Sicherheitslücken beim IE werden sofort kritisert, wenn die etwas unternehmen, was dem einen oder anderen nicht schmeckt, wird es genau so kritisiert.
Klar, das ist der einfache Weg.

Selten Updates für den IE?
Ich habe in den letzten 4 Wochen mindestens 3 erhalten.
Und in der Zeit hat der FF erst eins geliefert.

Der FF ist sicherer als der IE?
Über das schmale Brett gehe ich nicht.
Ich meine, dass der IE auf Grund seiner Verbreitung in verschiedenen Gesichtspunkten seine Angriffsziele hat:
- viele schalten zu erst die Updates aus (z.B. weil das zu kritisierende System gecrackt verwendet wird - haben muss man es ja doch)
ergo werden die Lücken dort nie geschlossen, aber von dort hört man die bösesten Stimmen (einfach mal Google anschmeißen)

- dann kommen die Experten, die alles schön manuell konfigurieren und sich nachher wundern, wenn nichts geht (habe ich im Support zu 95% erlebt, die letzten 5% waren echte Probleme)

- und es ist auf jeden Fall zu erwähnen, dass ein Browser, der von fast 80% der surfenden Menschen benutzt wird, das bessere Ziel ist.
Ist ja auch logisch, warum sollte man, wenn man Schanden anrichten möchte, sich auf die kleinen Marktanteile stürzen.
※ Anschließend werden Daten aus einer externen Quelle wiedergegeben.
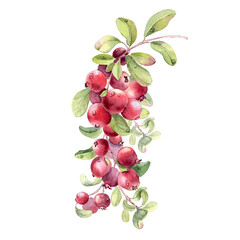 Lingonberry branch watercolor hand drawn on white background. Cluster of red wild healthy berries with green leaves. Botanical illustration for natural food branding or packaging design.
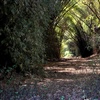 Indian Forest in Tamil Nadu, credit creative commons Harsha KR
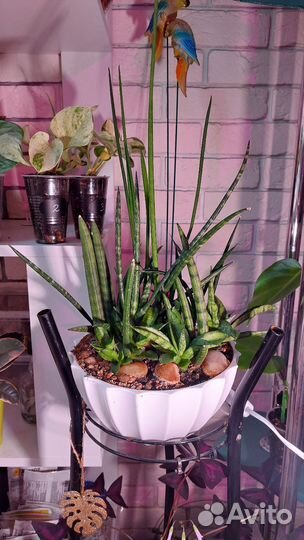 Сортовые сансевиерии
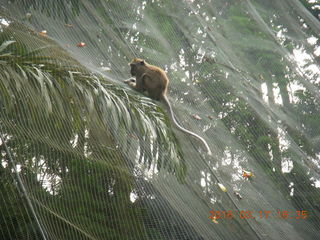 182 99h. Malaysia - Kuala Lumpur - KL Bird Park - monkey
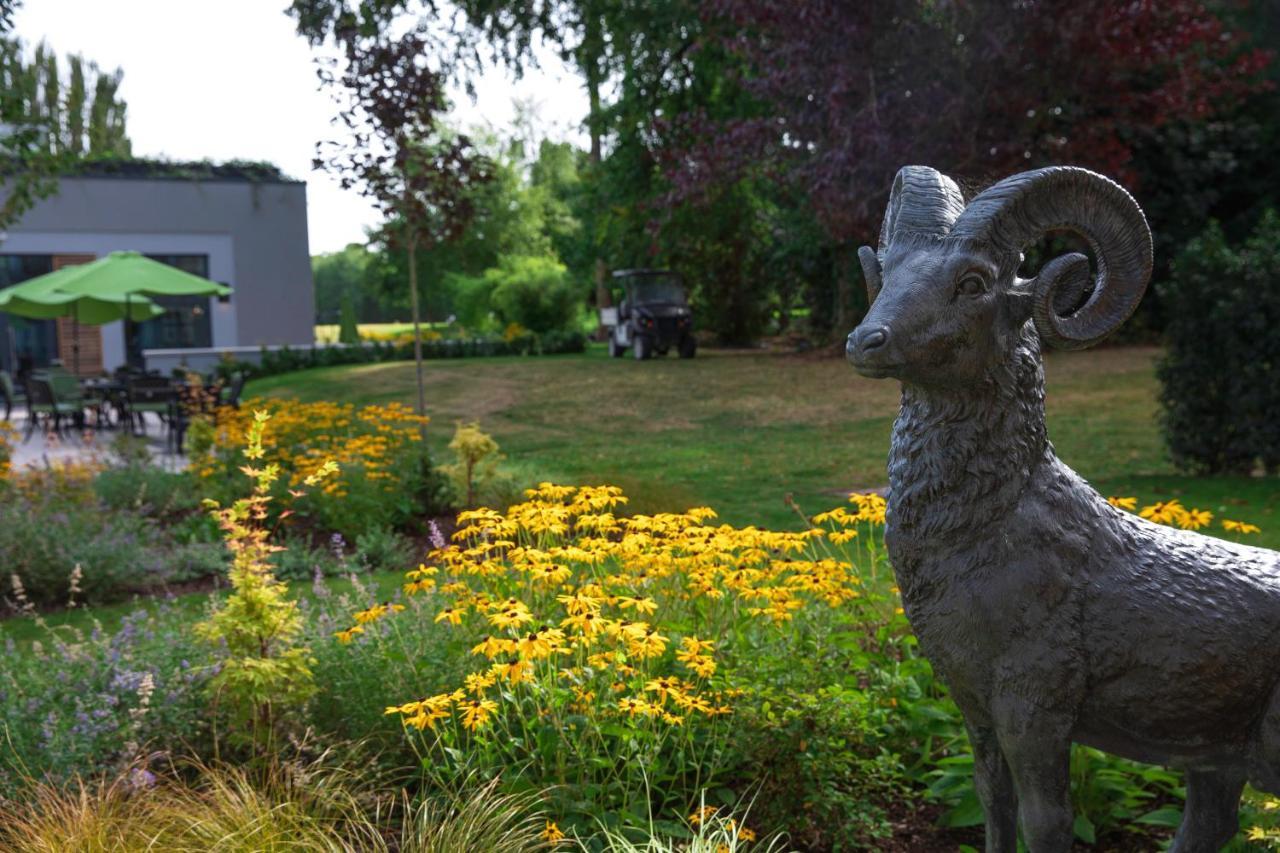 Castlemartyr Resort Hotel Екстер'єр фото The Bighorn Sheep statue at the entrance of the Bighorn Sheep Provincial Park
Außerdem genießen die Leute auch noch die Vorteile aus Punkt 1


Darstellungs"fehler" beim IE gibt es genau so, wie beim FF
Was einer kann, kann der andere nicht, oder nicht so schön - so ist das nun mal.
Aber zu sagen, dass der Browser, der zu mehr als dreivierteln den Markt beherrscht (das Warum spielt dabei keine Rolle), wie ein Nischenbrowser behandelt werden muss, wärend man sich auf den Giganten, der knapp ein Fünftel beansprucht das Ziel ist, geht an der Realität vorbei.


Den IE wird man mindestens auf zwei Wege los:
- Mac-Rechner kaufen
- Linux installieren
Um aber den Punkt mit Mac aufzugreifen....
Warum ist eigentlich der Kurs der Aktien damals so drastisch gestiegen, als man es bei denen hinbekam, dass auch Windows auf einem Mac laufen kann?
Bestimmt nicht, weil MS nur schlechte Sachen baut, die eigentlich keiner haben will.
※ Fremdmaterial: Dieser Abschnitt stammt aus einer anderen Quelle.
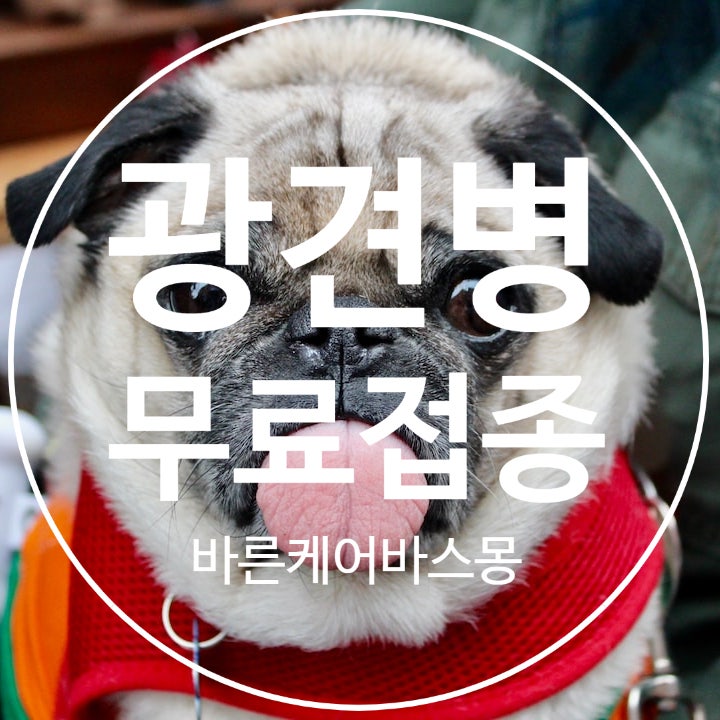  23년도 인천 계양구 봄철 강아지 광견병 주사 무료 예방접종
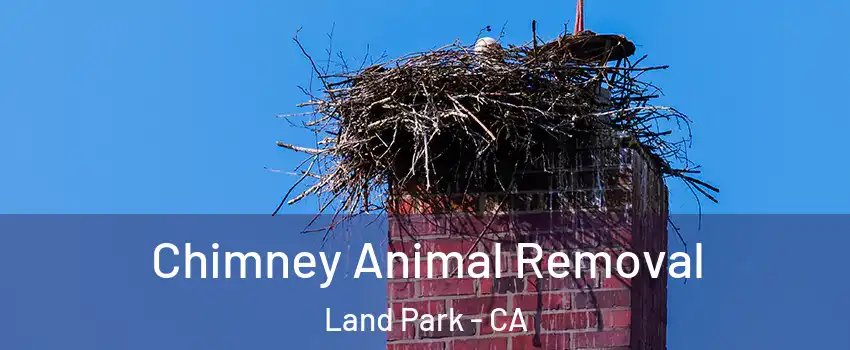 Chimney Animal Removal Land Park - CA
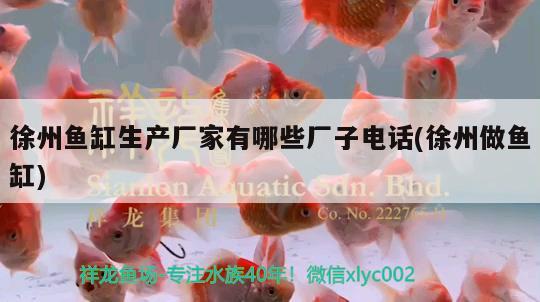 徐州魚缸生產(chǎn)廠家有哪些廠子電話(徐州做魚缸) 紅老虎魚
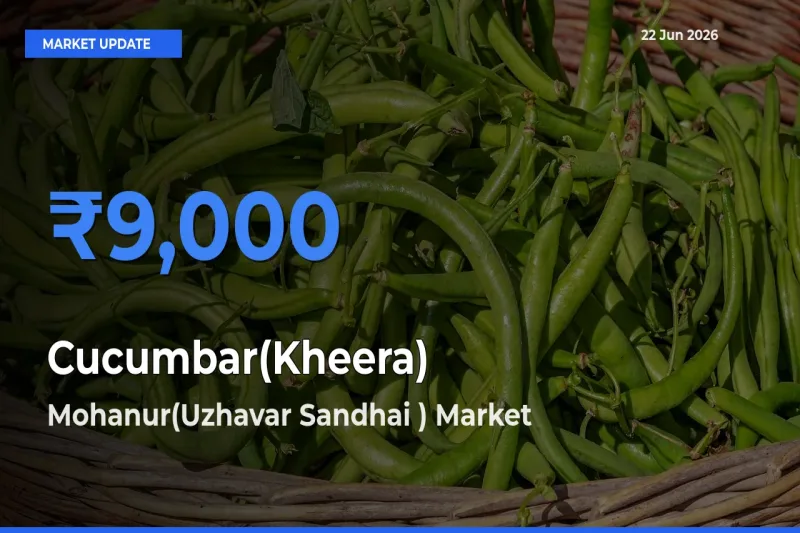 Mohanur(Uzhavar Sandhai ) Emerges as Top Mandi for Cucumbar(Kheera) Prices Today
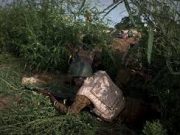 Lutte contre le terrorisme au Burkina Faso: s’unir ou périr!
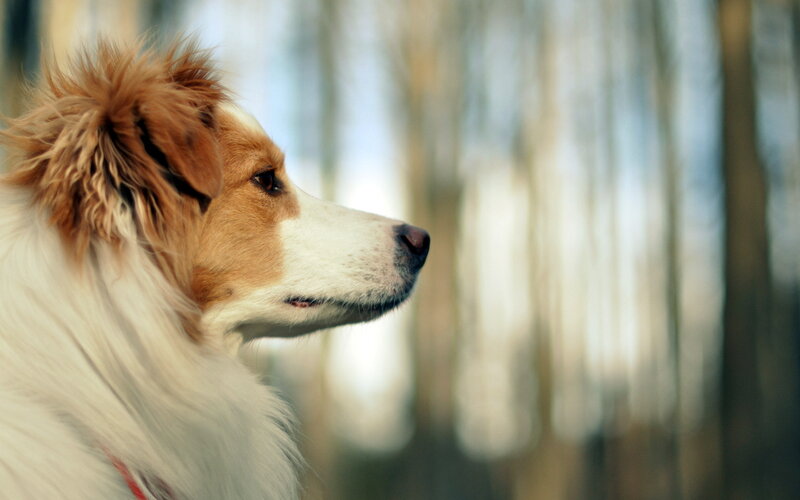 Dog in Forest — Brown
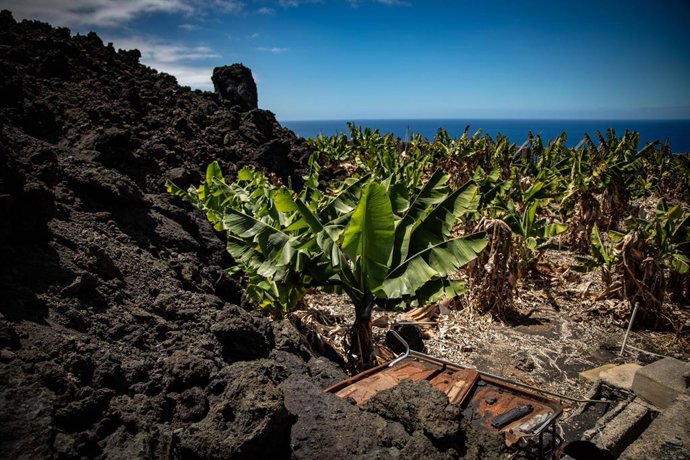 Archivo - Vista de la colada junto a plataneras en una finca en el municipio de Tazacorte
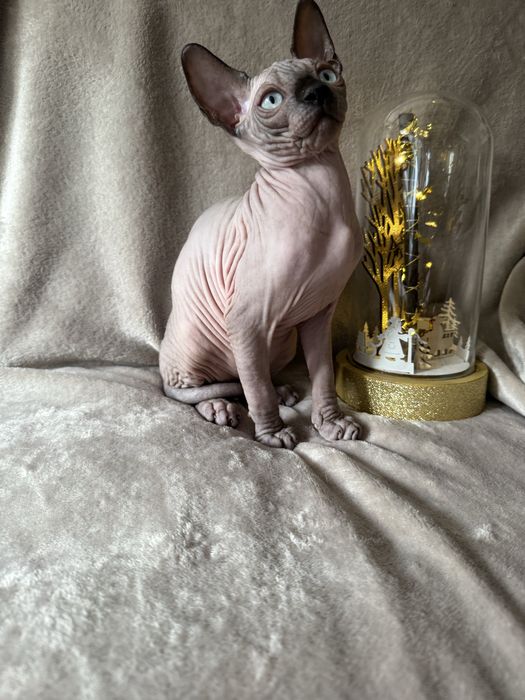 Gatinho sphynx canadiano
Ich finde, dass die Verwendung eines Browsers absolute Geschmacksache ist, alles beruht auf "glauben"
Man glaubt, dass der IE Schrott ist und der FF besser usw.

Sicherheit spielt m.E. bei der Browserwahl keine nennenswerte Rolle - die sollte ganz woanders beheimatet sein.
Ich habe seit es XP gibt keinen einzigen Virus eingefangen und mit Win95, Win98 / SE auch insgesamt nur zwei - beides lief unter der Kategorie "Firlefanz"
Den FF habe ich seit etwa 1,5 bis 2 Jahren etwas häufiger benutzt; Grund dafür war, dass ich einige Dinge im FF testen wollte/musste, damit die Randgruppe FF-Nutzer alles in akzeptabler Weise sehen kann.


Der IE steht dem FF lediglich bei den Plugins etwas nach, aber auch erst dann.
Ohne Plugins ist der FF einfach nur .....
Da kann man dann ja, wenn man noch den 6er IE nutzt Maxton oder Avant drüberinstallieren - damit ist der FF aus dem Stand überholt.

Derzeit ist m.E. die größte Macke des FF, dass er a.) lahm ist (Seitenladen und starten) und b.) in der Optik nur mit Styles fürs Vista brauchbar wird.

Bezüglich Plugins hat er für mich einen Vorteil, welches im IE7 (mit IE7Pro) nicht zu bekommen ist. Alles andere ist schon mit dem IE7Pro ausgeglichen.


Also wie gesagt, das ist ein reiner Glaubenskrieg, mehr nicht.
Nicht der IE ist der Nischenbrowser, sondern der FF - darauf sollte man trotz seines Hobbies Rücksicht nehmen.
Meine ich, aber da gibt es ja auch verschiedene Meinungen.....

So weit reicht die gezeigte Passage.